The Eldridge native brought a new approach to the Quad Cities hockey by bringing together her experience in minor and major league sports, as well as the Quad Cities Chamber of Commerce.
“We just don’t have enough true hockey fans here — the ones that you open the door and they’re going to come no matter what,” she said. “So we had to appeal to the non-hockey lover.”
That means a focus on entertainment and giving back. Now when a non-profit brings a group to a game, they get a cut of the ticket sales.
Tombergs and the office staff put in 80 hour weeks during the season. Tombergs said she drives hard, but the results speak for themselves.
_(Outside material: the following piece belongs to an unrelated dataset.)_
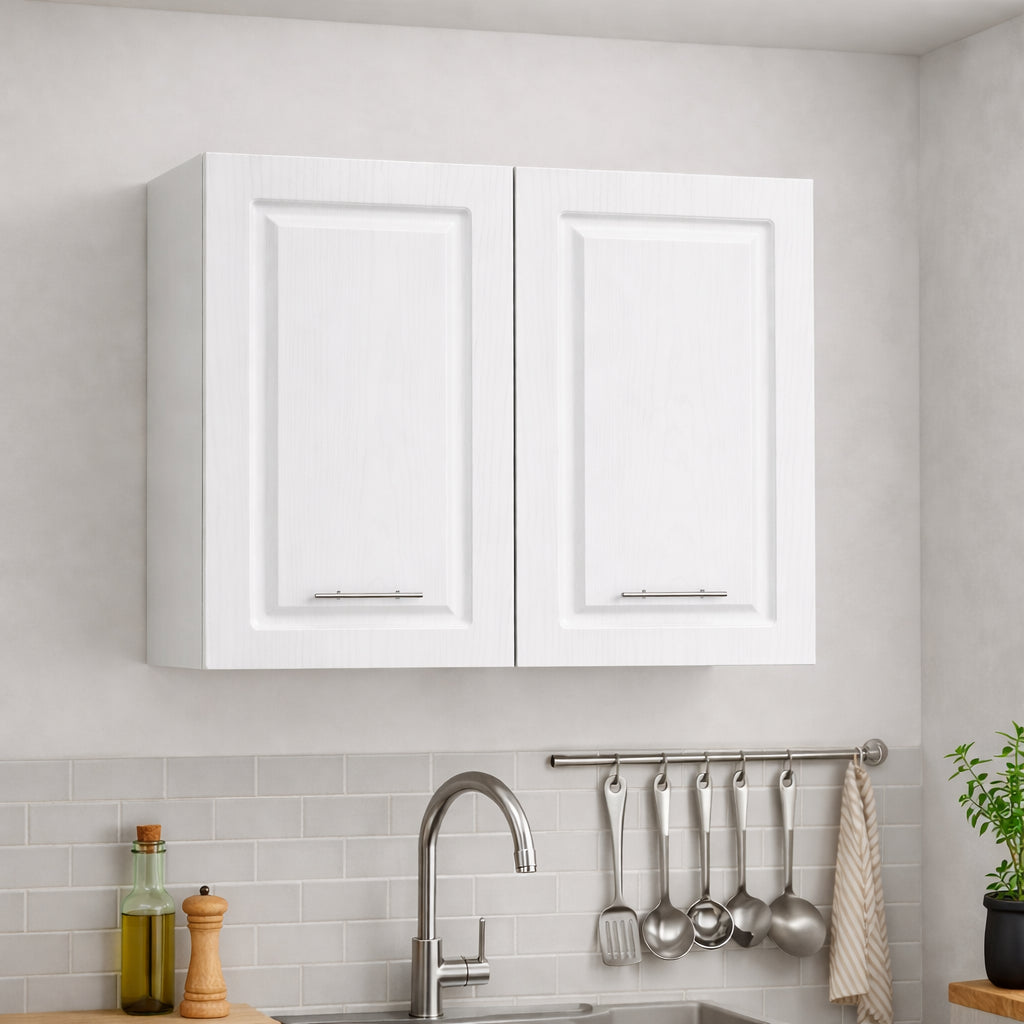 Pensile da Cucina Scolapiatti Sistema Raccogli Gocce Mobile Bianco Frass. Classico 80cm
“One thing we all agreed on in the very beginning was to be great and so we have implemented the good to great strategy,” Tombergs said. “After every weekend game we sit down and say, ‘What do we need to work on? What did we do good and what did we do great.'”
She’s doing it all as the first female president in the Southern Professional Hockey League.
“It’s kind of a big deal,” Tombergs said. “I had a lot of parents come up to me and say, ‘You know, my daughter just loves that you’re a woman president, you know, leading a hockey team.’ … You realize that it’s something you have to take seriously because there are no glass ceilings anymore.”
Tombergs is also the first female hockey president in the Quad Cities.
“I don’t care if it’s minor league sports or a major corporation,” Tombergs said. “[It’s] a woman making her mark and being able to show that a woman can do anything and that’s what I think we can do.”
And this woman is taking Quad Cities hockey from good to great.
“I say come once,” she said. “Just give me one game a year and we’ll keep hockey here.”